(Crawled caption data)
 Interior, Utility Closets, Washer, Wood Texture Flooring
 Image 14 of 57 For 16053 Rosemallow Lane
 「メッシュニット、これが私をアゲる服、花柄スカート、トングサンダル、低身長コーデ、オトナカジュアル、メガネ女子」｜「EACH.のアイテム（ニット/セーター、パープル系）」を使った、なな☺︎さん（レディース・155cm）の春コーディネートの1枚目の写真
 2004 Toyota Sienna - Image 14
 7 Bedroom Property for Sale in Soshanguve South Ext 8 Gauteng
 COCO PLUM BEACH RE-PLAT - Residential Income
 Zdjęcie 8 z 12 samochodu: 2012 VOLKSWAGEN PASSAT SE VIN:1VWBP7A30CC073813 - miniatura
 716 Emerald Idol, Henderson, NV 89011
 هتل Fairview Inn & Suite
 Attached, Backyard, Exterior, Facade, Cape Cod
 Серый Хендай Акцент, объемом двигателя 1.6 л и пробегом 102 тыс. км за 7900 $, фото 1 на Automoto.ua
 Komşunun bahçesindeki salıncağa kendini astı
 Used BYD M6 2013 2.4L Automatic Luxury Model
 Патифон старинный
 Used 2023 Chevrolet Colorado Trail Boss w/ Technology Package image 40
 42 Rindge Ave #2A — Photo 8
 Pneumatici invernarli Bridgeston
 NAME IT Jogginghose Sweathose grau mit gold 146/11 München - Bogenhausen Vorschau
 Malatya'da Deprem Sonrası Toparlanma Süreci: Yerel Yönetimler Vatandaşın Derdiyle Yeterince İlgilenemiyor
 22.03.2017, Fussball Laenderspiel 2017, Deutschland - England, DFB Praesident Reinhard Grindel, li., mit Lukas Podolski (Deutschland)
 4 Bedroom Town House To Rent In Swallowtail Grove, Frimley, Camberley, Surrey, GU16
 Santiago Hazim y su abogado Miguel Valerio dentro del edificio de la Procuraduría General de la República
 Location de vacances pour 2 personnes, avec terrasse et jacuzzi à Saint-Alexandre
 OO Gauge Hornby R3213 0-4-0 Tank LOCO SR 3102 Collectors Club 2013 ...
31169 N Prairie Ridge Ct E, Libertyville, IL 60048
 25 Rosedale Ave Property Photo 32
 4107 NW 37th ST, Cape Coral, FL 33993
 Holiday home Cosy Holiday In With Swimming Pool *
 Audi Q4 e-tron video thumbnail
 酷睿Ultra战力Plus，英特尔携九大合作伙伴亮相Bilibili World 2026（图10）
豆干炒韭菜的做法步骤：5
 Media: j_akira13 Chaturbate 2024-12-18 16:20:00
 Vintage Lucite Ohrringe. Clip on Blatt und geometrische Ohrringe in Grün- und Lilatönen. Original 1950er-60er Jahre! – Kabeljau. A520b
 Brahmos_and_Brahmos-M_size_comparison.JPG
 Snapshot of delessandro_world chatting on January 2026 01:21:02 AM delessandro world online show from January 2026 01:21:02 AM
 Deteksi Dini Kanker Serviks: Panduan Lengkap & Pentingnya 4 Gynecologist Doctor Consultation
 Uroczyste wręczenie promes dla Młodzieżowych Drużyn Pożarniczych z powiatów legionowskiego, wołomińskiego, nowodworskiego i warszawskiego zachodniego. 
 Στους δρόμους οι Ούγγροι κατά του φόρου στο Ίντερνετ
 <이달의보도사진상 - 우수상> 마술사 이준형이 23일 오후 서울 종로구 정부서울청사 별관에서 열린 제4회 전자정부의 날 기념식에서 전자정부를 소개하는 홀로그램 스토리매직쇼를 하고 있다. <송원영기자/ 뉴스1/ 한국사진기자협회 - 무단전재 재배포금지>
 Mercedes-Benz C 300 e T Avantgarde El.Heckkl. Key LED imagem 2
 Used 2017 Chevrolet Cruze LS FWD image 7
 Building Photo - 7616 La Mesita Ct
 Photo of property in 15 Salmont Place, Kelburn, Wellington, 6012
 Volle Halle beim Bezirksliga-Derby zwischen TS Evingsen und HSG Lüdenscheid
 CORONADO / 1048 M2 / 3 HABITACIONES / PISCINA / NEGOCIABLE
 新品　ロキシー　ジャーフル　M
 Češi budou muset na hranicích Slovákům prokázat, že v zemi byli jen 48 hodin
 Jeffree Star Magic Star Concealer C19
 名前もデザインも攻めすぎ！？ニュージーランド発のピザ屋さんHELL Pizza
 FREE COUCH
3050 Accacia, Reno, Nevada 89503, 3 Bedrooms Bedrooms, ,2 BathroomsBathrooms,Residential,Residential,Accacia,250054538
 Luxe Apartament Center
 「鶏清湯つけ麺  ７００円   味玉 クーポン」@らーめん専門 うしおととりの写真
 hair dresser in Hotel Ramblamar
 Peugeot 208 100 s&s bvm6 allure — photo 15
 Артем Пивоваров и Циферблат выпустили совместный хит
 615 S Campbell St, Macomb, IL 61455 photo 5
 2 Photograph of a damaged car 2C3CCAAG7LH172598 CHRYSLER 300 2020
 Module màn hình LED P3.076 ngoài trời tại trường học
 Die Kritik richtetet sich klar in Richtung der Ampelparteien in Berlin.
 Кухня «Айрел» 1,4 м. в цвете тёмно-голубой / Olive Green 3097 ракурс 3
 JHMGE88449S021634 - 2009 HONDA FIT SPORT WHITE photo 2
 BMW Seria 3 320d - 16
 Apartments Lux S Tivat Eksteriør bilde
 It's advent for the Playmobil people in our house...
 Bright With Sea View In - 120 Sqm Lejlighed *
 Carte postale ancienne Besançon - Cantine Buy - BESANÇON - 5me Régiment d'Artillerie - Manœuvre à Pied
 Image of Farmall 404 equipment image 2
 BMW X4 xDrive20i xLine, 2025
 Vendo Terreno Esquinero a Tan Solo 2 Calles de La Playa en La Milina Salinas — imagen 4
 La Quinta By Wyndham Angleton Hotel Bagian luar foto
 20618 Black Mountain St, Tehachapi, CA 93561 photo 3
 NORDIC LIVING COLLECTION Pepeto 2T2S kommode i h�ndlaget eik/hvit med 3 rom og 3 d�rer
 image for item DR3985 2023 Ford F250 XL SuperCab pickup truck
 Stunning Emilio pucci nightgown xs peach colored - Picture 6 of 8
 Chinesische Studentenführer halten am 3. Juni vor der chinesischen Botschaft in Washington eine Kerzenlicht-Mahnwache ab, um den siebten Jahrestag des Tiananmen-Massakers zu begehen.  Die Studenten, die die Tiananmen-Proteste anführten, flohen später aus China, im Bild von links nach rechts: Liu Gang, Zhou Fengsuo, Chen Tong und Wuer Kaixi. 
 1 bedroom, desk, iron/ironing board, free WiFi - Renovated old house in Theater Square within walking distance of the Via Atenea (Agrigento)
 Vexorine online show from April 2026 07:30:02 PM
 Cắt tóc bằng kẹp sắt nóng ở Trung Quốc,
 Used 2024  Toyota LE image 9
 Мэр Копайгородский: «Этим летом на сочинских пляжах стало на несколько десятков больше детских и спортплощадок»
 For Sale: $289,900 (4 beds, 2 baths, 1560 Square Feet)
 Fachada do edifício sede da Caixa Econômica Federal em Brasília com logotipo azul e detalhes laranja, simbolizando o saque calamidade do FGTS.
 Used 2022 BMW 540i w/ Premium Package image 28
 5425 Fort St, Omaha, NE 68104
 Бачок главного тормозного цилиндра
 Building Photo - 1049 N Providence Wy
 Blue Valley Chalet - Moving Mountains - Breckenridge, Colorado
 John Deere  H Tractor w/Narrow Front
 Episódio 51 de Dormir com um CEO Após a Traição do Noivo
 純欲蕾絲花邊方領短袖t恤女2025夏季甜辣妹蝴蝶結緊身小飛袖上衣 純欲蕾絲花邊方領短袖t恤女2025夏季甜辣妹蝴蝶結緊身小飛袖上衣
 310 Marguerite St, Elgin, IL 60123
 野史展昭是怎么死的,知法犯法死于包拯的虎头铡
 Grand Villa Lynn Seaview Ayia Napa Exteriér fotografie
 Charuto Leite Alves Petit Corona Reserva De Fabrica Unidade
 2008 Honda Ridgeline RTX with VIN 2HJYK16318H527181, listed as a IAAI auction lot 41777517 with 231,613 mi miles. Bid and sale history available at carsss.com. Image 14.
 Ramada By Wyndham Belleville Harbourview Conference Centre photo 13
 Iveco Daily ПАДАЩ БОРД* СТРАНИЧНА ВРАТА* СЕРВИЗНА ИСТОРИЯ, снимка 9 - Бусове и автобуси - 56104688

* _What you are asked to do_:
Could you set down, word for word, only the lines above from the line with "25 Rosedale Ave Property Photo 32" to the line with "Uroczyste wręczenie promes", including both?

* _Result of this task_:
 25 Rosedale Ave Property Photo 32
 4107 NW 37th ST, Cape Coral, FL 33993
 Holiday home Cosy Holiday In With Swimming Pool *
 Audi Q4 e-tron video thumbnail
 酷睿Ultra战力Plus，英特尔携九大合作伙伴亮相Bilibili World 2026（图10）
豆干炒韭菜的做法步骤：5
 Media: j_akira13 Chaturbate 2024-12-18 16:20:00
 Vintage Lucite Ohrringe. Clip on Blatt und geometrische Ohrringe in Grün- und Lilatönen. Original 1950er-60er Jahre! – Kabeljau. A520b
 Brahmos_and_Brahmos-M_size_comparison.JPG
 Snapshot of delessandro_world chatting on January 2026 01:21:02 AM delessandro world online show from January 2026 01:21:02 AM
 Deteksi Dini Kanker Serviks: Panduan Lengkap & Pentingnya 4 Gynecologist Doctor Consultation
 Uroczyste wręczenie promes dla Młodzieżowych Drużyn Pożarniczych z powiatów legionowskiego, wołomińskiego, nowodworskiego i warszawskiego zachodniego. 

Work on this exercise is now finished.